Stamattina, purtroppo, mi sono trovato davanti ad un articolo nel quale si parlava del fenomeno dei ragazzi calabresi, campani e meridionali che in autobus partono verso il Veneto e il nord alla ricerca di concorsi pubblici.
La naturalezza con la quale si tratta il fenomeno e la passiva accettazione di simili dinamiche a distanza di anni sono ancora capaci di farmi arrabbiare.
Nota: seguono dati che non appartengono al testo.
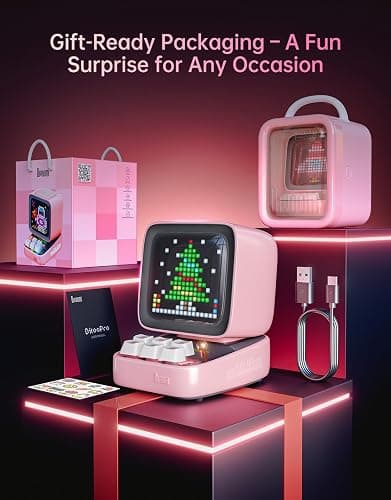 Divoom Ditoo Retro Pixel Art Game Bluetooth Speaker with 16X16 LED App Controlled Front Screen (Pink) thumbnail 8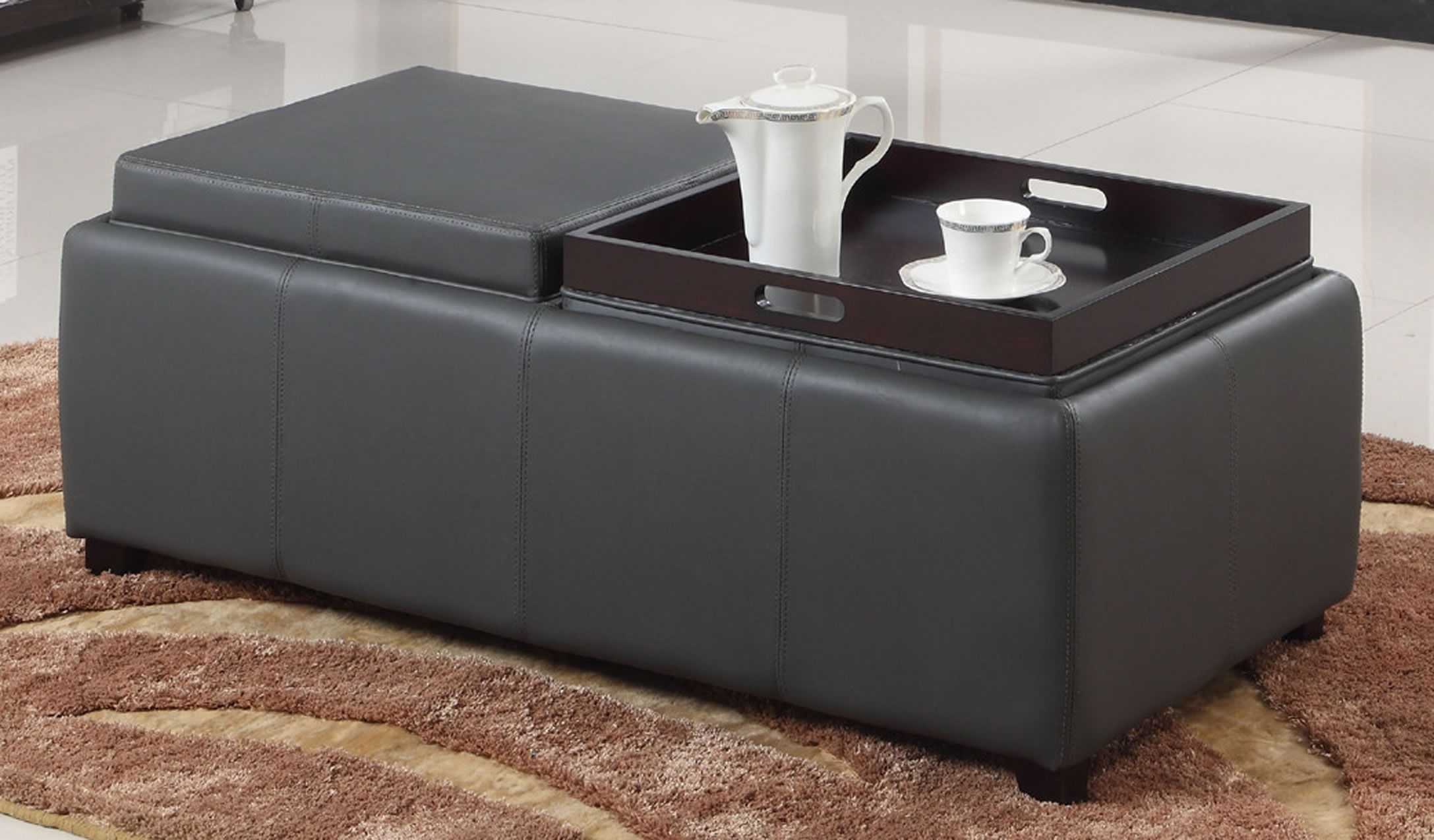 Whi Manhattan Ii Double Tray Ottoman Grey Disc 402 185gy Modern Furniture Canada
Rabbia ovviamente non diretta verso quei poveri giovani che tentano la fortuna al Settentrione, ma verso chi permette ed incentiva nel silenzio questa vergognosa gestione alla giornata e verso chi crede sia questo il viatico per la risoluzione dei problemi del Meridione, ovvero la misera scelta tra un assistenzialismo senza scopo o l’emigrazione di massa, avendo pure l’ardire di spacciare il tutto per lungimirante politica redistributiva o per parità d’accesso alle cariche pubbliche.
Un silenzio ingiusto che finisce col giocare sulla pelle e sul futuro di giovani che per realizzarsi devono per forza andarsene dalla propria terra nell’assenza di politiche di sviluppo volte alla responsabilità, all’autodeterminazione e all’autosufficienza, nell’assenza di una regionalizzazione dei concorsi, di una sacrosanta riforma federale del paese o di un viatico capace di promuoverla, di visione a lungo termine.
Unica vincitrice una politica (o meglio dovremmo dire un’assenza di vera politica) che finisce con l’alterare le regioni ospitanti e pure i mercati del lavoro pubblici e privati, il tutto come se in Veneto o in Lombardia non ci fossero precari in difficoltà o persone a rischio bisognose di avere uno sbocco in mansioni pubbliche controllate, che diventano invece preda di un ipertrofizzato mercato della disperazione.
Immancabili i silenzi del grande sindacato, delle sinistre centraliste, di chi si riempie la bocca con l’immigrazione dall’estero ma tace, colpevolmente, verso quella interna. Menzione d’onore al solo Luca Zaia, capace di affrontare il fenomeno in un suo post. Per il resto, dopo decenni, vige ancora un imperdonabile ritardo.